Celebrations to mark the centenary year of Scottish artist Joan Eardley continue later this month with a new exhibition in Edinburgh.
The Scottish Gallery will explore the life, work and legacy of one of the nation’s favourite painters, who died in 1963 from cancer aged just 42.
Eardley’s Glasgow is one of the central themes of the exhibition, focusing on the works she produced in and around her Townhead studio.
She uniquely recreated the life and community of Scotland’s biggest city, often focusing on children.
The exhibition also explores her works from Catterline, where she had a home from 1954, and concentrated on the landscape.
Her subjects ranged from the wild winter storm to the thrum of life in the field-edges above the cliff tops.
Eardley drew exclusively and was technically innovative, pressing seeds and stems into the impasto if her oils and often using newspaper as collage, making powerful physical works.
Despite her progressive illness, Eardley kept painting as long as she could, moving to a more domestic subject matter when she could no longer go outside.

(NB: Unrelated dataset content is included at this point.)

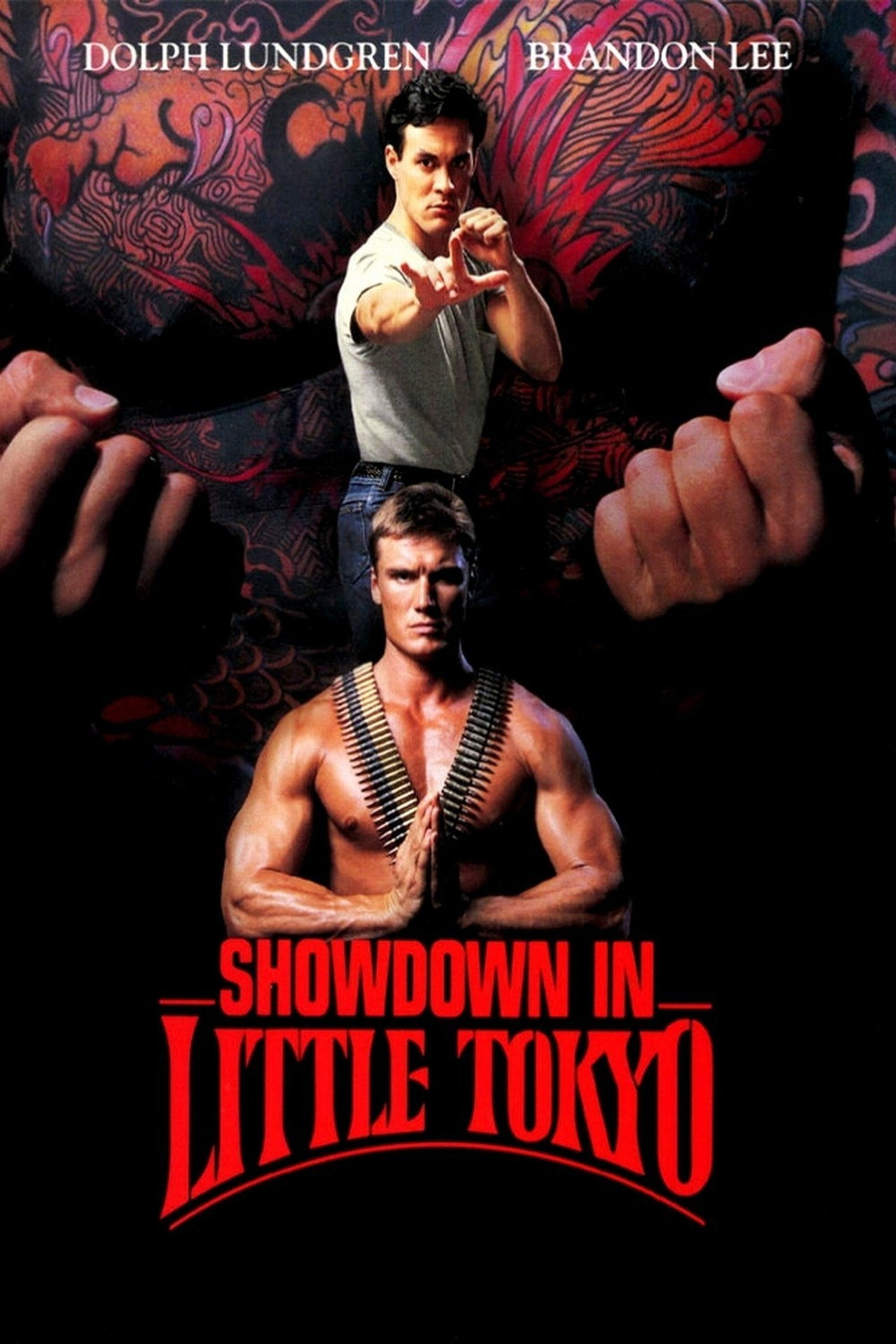 EN - SHOWDOWN In Little Tokyo (1991) BRANDON LEE
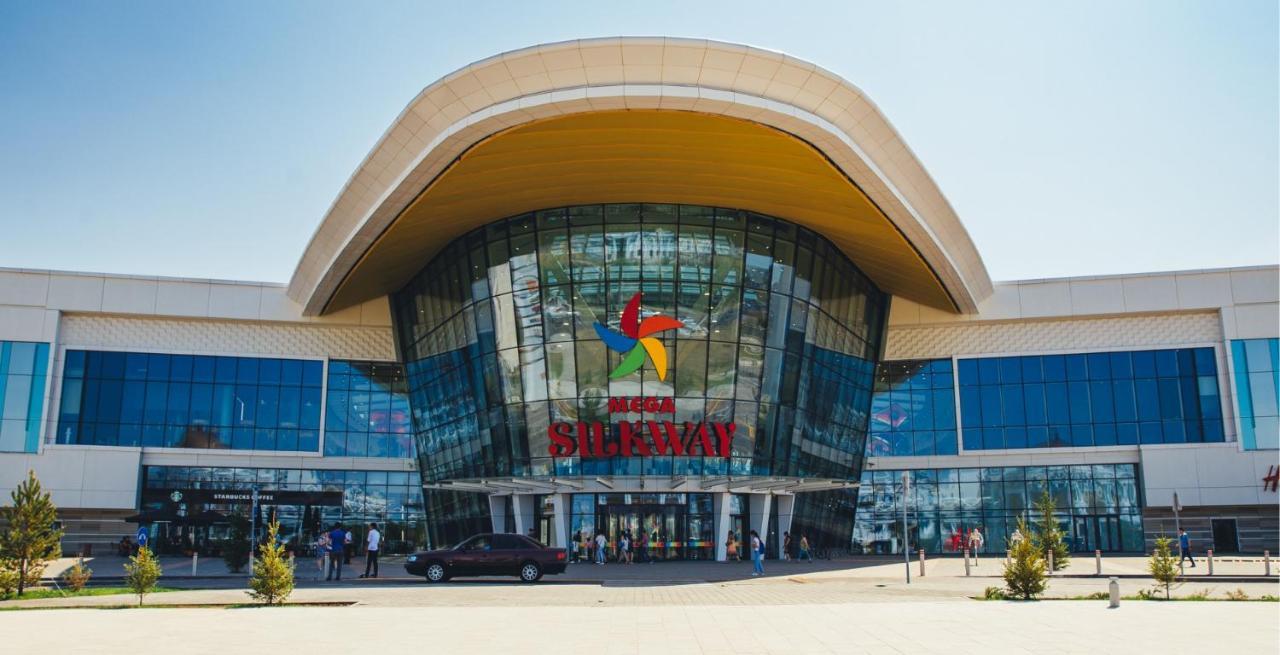 Экспо Бульвар 5 Astana Buitenkant foto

In Jar of Summer Flowers, Eardley gathered wildflowers and grasses from the field edges to make what would become her final subject.
It is one of a group made in the summer of 1963 before she was admitted to hospital in Killearn where she died on August 16.
Anne Morrison-Hudson, Eardley’s niece, said: “This centenary year is evolving into a wonderful celebration of Joan Eardley’s artistic legacy with events happening across Scotland.
“These have been challenging times to plan such an ambitious exhibition but as usual The Scottish Gallery has risen to the task. The long and productive association between the artist, family and gallery remain as important as ever in maintaining and promoting the name of Joan Eardley here in Scotland and further afield.”
A number of special events including tours and talks will take place at the gallery, where the exhibition runs from Friday July 30 to Saturday August 28.